Useful Slurm Commands

About Slurm

The ML Cloud can be accessed through a dedicated set of login nodes used to write and compile applications as well as to perform pre- and post-processing of simulation data. Access to the compute nodes in the system is controlled by the workload manager.

On the ML Cloud the Slurm (Simple Linux Utility for Resource Management) Workload Manager, a free open-source resource manager and batch system, is employed. Slurm is a modern, extensible batch system that is widely deployed around the world on clusters of various sizes.
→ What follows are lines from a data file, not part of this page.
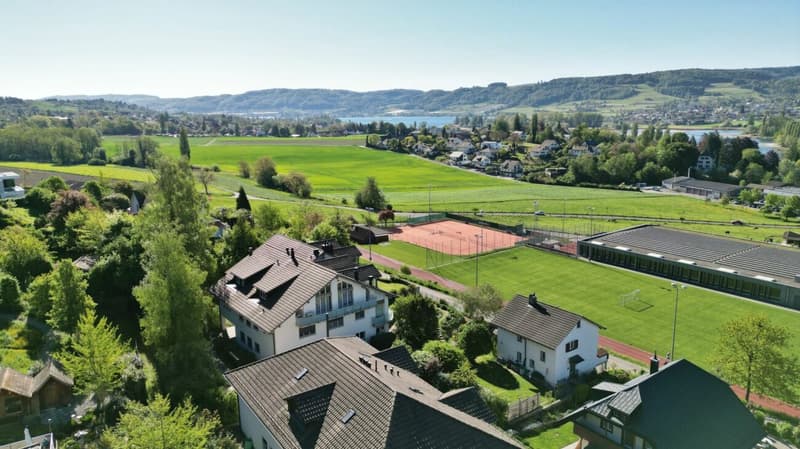 Dream apartment on Klingenberg (4)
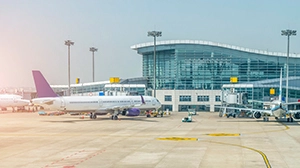 Blog de la aviación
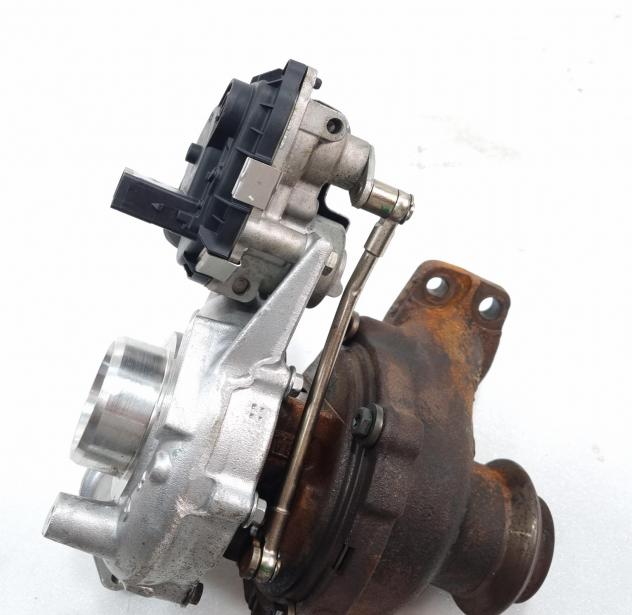 TURBINA CITROEN C3 Serie 9835855380 YHY (DV5RD) Diesel 1500 (16) - Foto 14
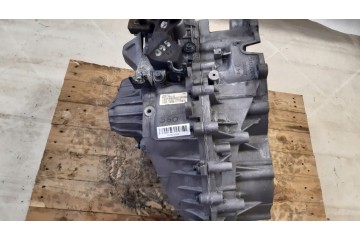VOLVO S60 2.4 Caja de Cambios Manual 9482432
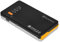 SilverStone SST-PB06BS - 10,000mAh Powerbank mit KFZ-Starthilfe und Dual-Mode LED Taschenlampe, Quick-Charge 2.0 Schnellladetechnologie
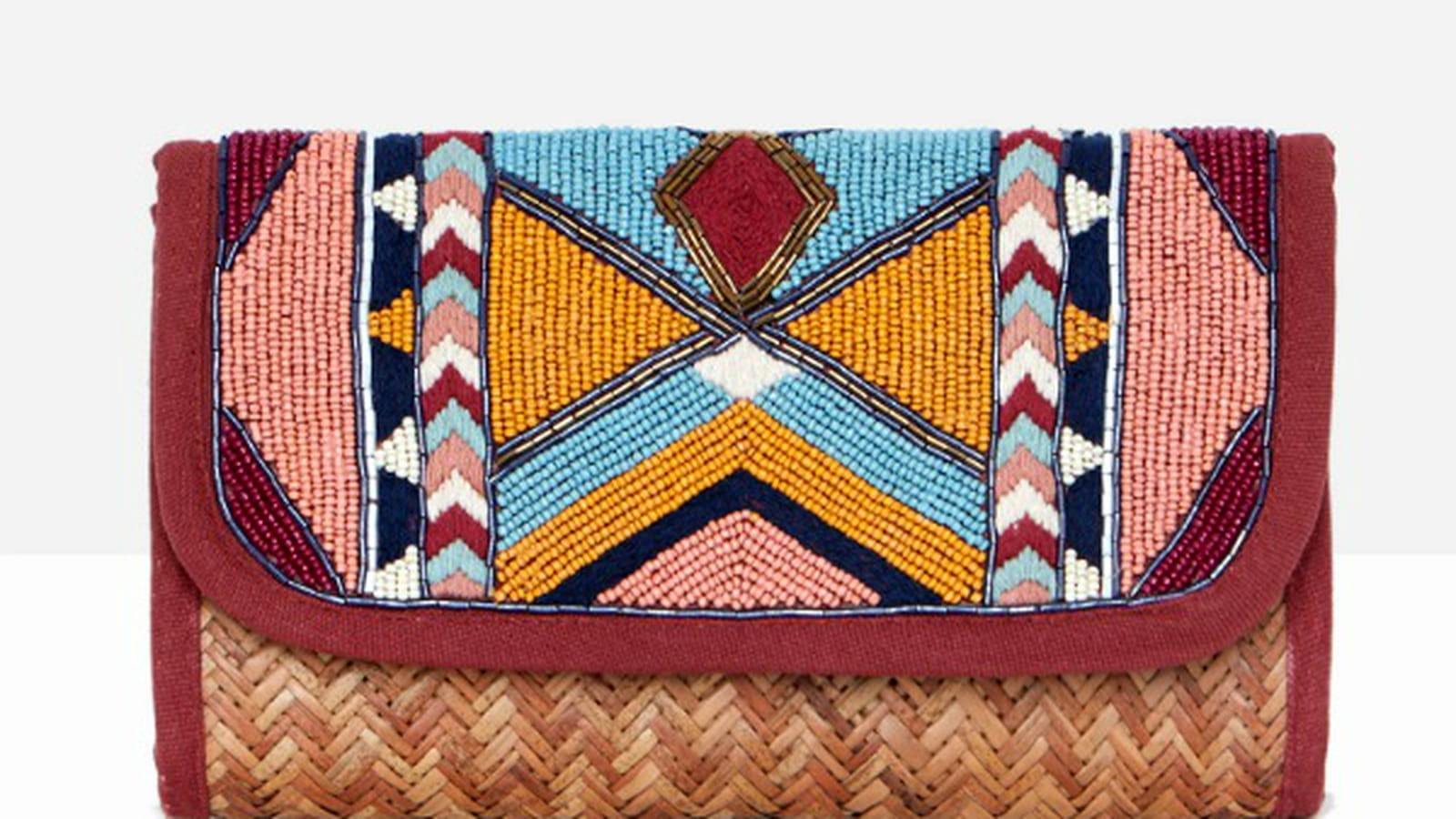 Pochette Etam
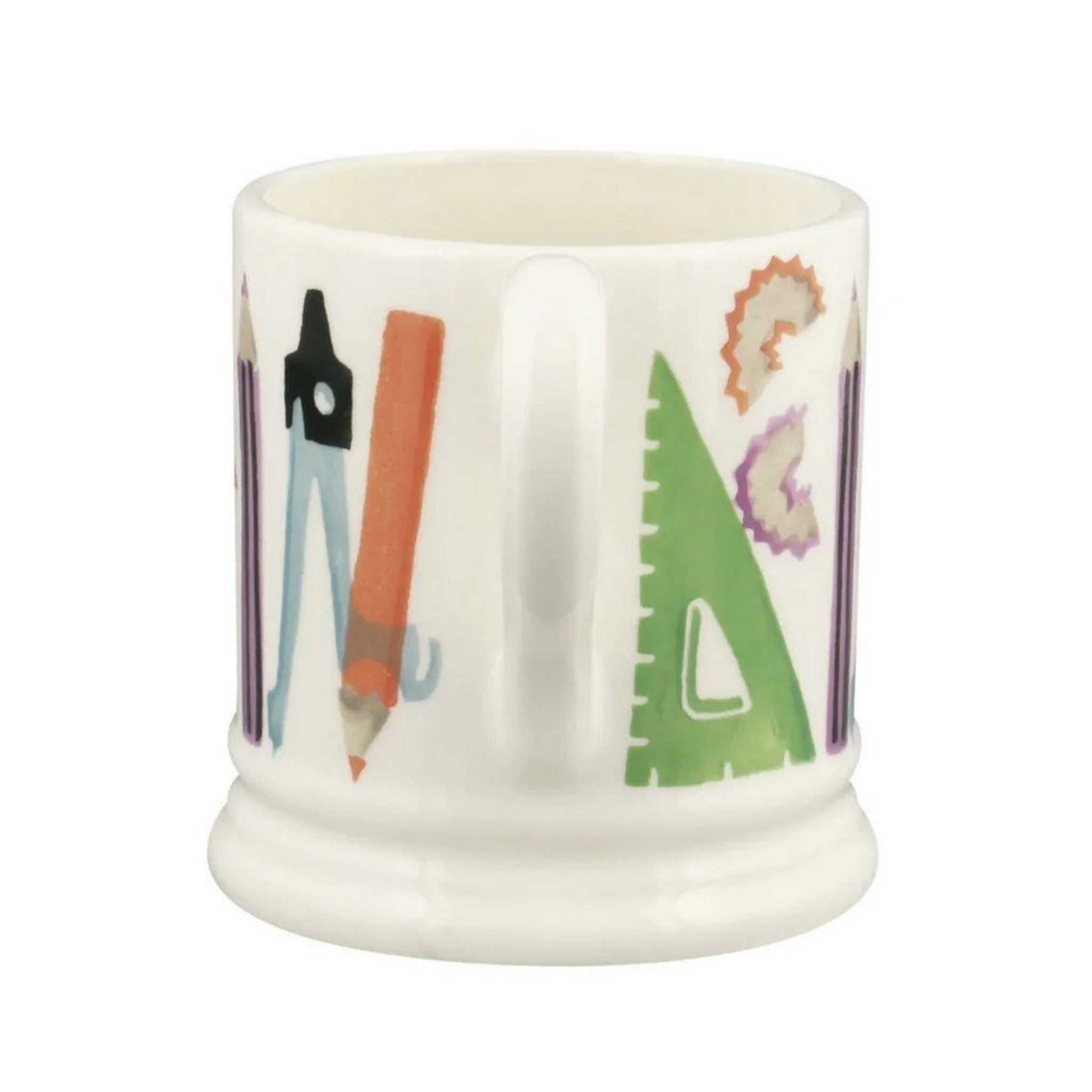 Stationery 1/2 Pint Mug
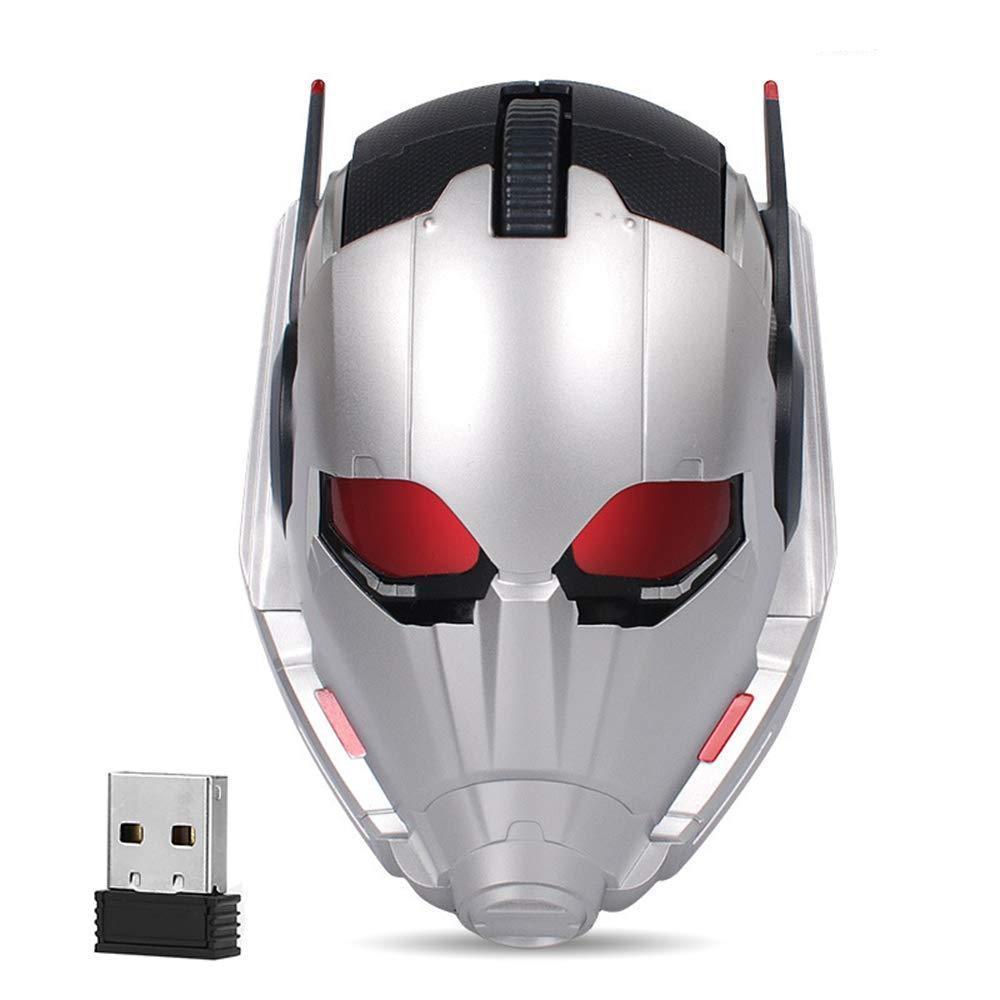 Souris Sans Fil Action Figure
This page describes how you can run jobs and what to consider when choosing SLURM parameters. You submit a job with its resource request using SLURM, SLURM allocates resources and runs the job, and you receive the results back. There are interactive modes available. Slurm:

It allocates exclusive or non-exclusive access to the resources (compute nodes) to users during a limited amount of time so that they can perform they work
It provides a framework for starting, executing and monitoring work
It arbitrates contention for resources by managing a queue of pending work.
It permits to schedule jobs for users on the cluster resource

Slurm Partitions

In Slurm multiple nodes can be grouped into partitions which are sets of nodes aggregated by shared characteristics or objectives, with associated limits for wall-clock time, job size, etc. These limits are hard limits for the jobs and can not be overruled. In practice, these partitions can be used by the user to signal a need for resources that have certain hardware characteristics (cpu-only, large memory, GPU type) or that are dedicated to specific workloads (large production jobs, small debugging jobs, interactive, etc.). ML Cloud has implemented several production queues.

See Galvani's Partitions

Preemptable partitions

These are cheap partitions where jobs will only cost 25% compared to their non-preemptable counterparts. But in these partitions your job may be canceled or requeued if a job in a non-preemptable partition requires resources. Preempted jobs are requeued by default. When a job is requeued, the batch script is initiated from its beginning. If you do not desire this please set the --no-requeue sbatch option in your job submission scripts. If you set this option your job will just be cancelled.

Job submission options

There are several useful environment variables set be Slurm within an allocated job. The most important ones are detailed in the below table which summarizes the main job submission options offered with {sbatch | srun | salloc}.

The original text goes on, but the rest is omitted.